From the data that follows, set down exactly the lines from the one with "Endokrinológ Maurizio Bini, hrdina" through the one with "Hotel Des Belges 3*", counting both. Pictures stay out.

● Records provided:
-- -- --

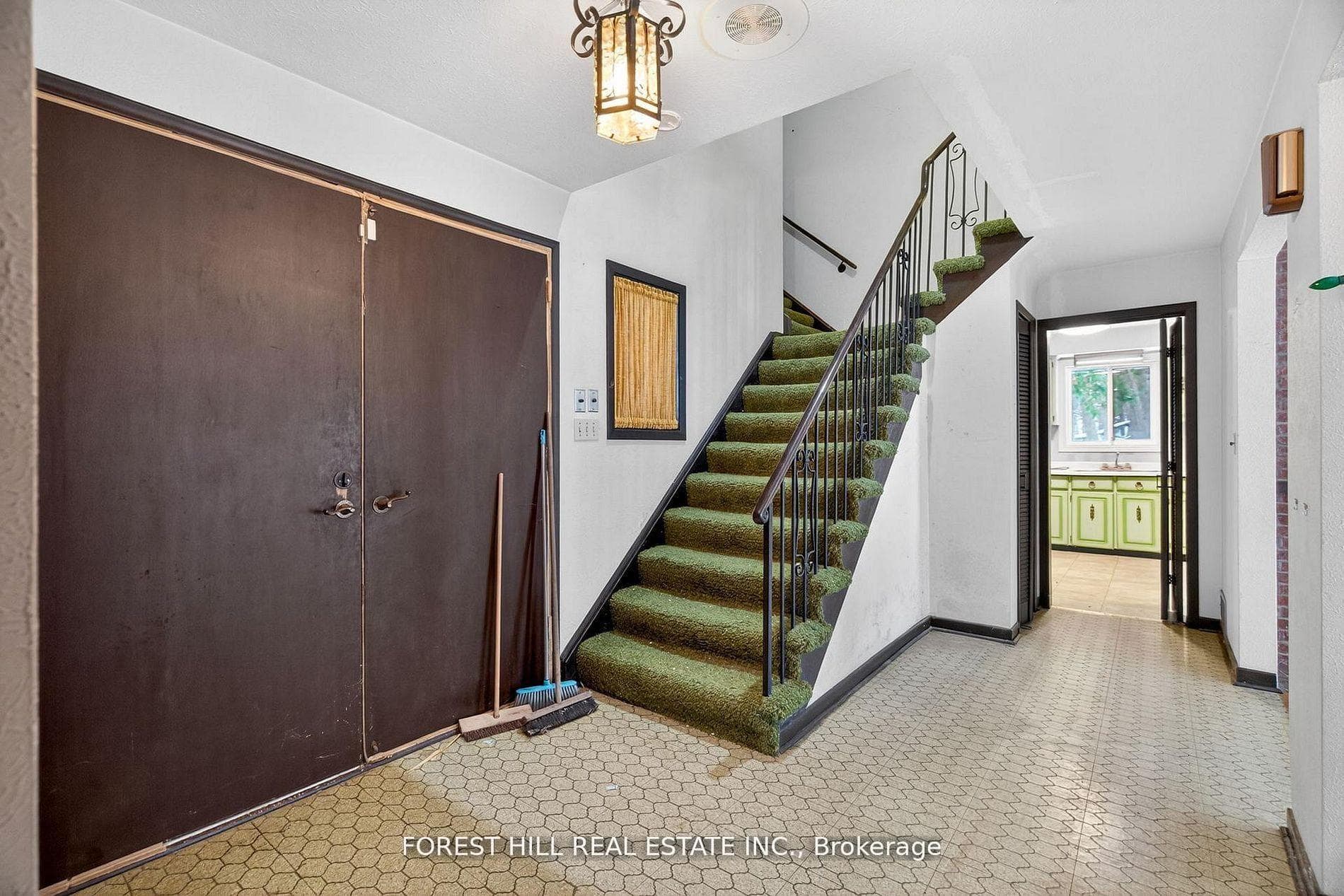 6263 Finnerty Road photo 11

-- -- --

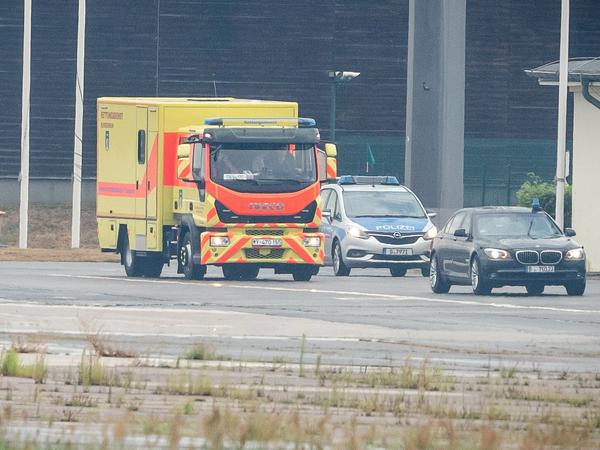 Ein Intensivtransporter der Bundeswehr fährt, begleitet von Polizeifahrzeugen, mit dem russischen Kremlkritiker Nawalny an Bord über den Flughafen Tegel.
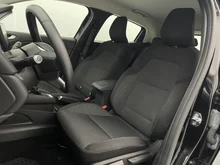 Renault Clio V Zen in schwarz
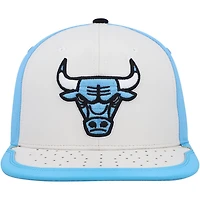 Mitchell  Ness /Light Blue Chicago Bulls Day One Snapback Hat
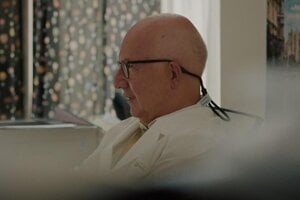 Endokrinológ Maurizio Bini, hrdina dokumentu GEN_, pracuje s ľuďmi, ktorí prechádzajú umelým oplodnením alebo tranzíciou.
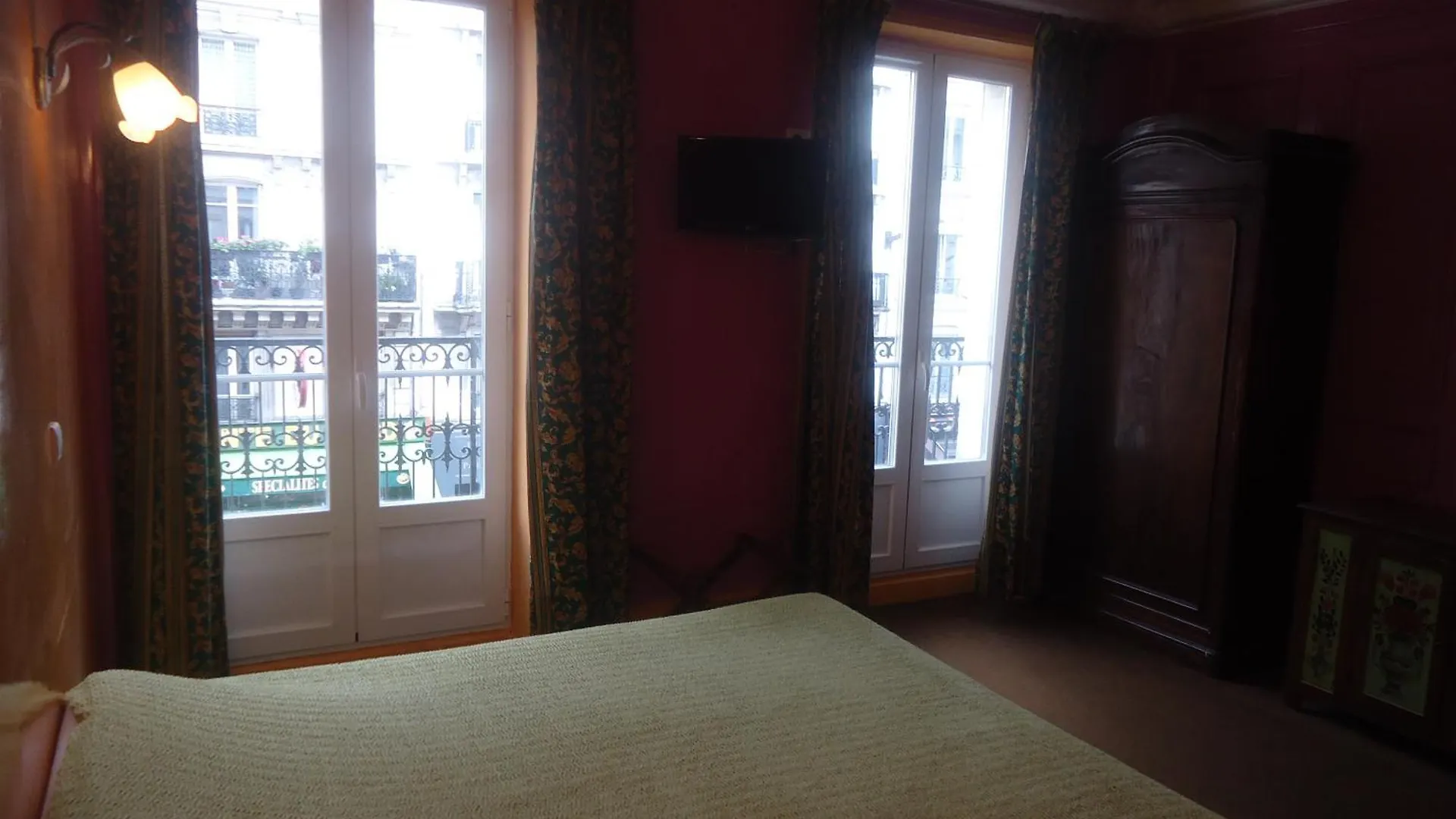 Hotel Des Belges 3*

-- -- --

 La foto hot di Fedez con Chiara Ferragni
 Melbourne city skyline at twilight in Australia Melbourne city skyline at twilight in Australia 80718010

-- -- --

● Your response:
 Endokrinológ Maurizio Bini, hrdina dokumentu GEN_, pracuje s ľuďmi, ktorí prechádzajú umelým oplodnením alebo tranzíciou.
 Hotel Des Belges 3*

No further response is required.